Tentaranya Tembak Mati 29 Warga, Panglima Militer Thailand Menangis Minta Maaf

Anton Suhartono ยท Selasa, 11 Februari 2020 - 13:37 WIB
Tentaranya Tembak Mati 29 Warga, Panglima Militer Thailand Menangis Minta Maaf

Jenderal Apirat Kongsompong meminta maaf sambil menangis terkait penembakan di Thailand (Foto: AFP)

BANGKOK, iNews.id - Panglima militer Thailand Apirat Kongsompong meminta maaf sambil menangis terkait penembakan yang dilakukan tentara Jakrapanth Thomma di Provinsi Nakhon Ratchasima pada Sabtu dan Minggu lalu hingga menewaskan 29 orang.

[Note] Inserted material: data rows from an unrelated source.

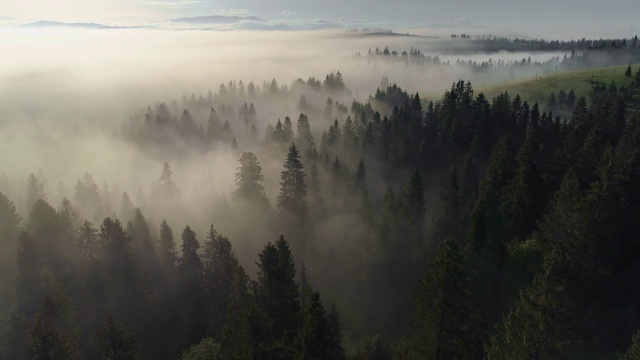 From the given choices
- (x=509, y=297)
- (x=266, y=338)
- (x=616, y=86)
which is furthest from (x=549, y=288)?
(x=616, y=86)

Korban terbanyak berada di mal Terminal 21 dan yang lainnya di kamp militer serta jalan. Selain itu 57 orang lainnya mengalami luka.

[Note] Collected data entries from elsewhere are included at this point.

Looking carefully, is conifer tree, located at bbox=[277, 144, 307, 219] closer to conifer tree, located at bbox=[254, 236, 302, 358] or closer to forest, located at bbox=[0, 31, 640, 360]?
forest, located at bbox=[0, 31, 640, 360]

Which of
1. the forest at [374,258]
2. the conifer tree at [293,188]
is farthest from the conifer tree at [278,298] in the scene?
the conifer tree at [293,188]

Dalam jumpa pers selama 90 menit di Bangkok, Selasa (11/2/2020), Apirat beberapa kali mengusap wajah yang dibasahi air mata.

"Saya, sebagai panglima militer, ingin meminta maaf dan mengatakan betapa saya menyesalkan insiden yang dilakukan oleh tentara ini," kata Apirat, dikutip dari Reuters.

"Pada menit, detik, saat pelaku menarik pelatuk dan membunuh, pada saat itu juga dia adalah penjahat dan bukan lagi seorang prajurit," ujarnya, menegaskan.

Drama penembakan berakhir pada Minggu pagi atau berlangsung 17 jam lebih setelah Jakrapanth ditembak mati oleh polisi di basement mal.

Pria 32 tahun itu memulai aksinya pada Sabtu dengan menembak komandannya, Anantharot Krasae (48), serta ibu mertua Anantharot, Anong Mitchan (63), dilatarbelakangi komisi penjualan rumah.

Di pangkalan militer, dia mencuri banyak senjata, amunisi, serta membawa kabur kendaraan militer. Dari situ Jakrapanth menuju pusat kota sambil melepaskan tembakan di jalanan termasuk di dekat kuil Budha.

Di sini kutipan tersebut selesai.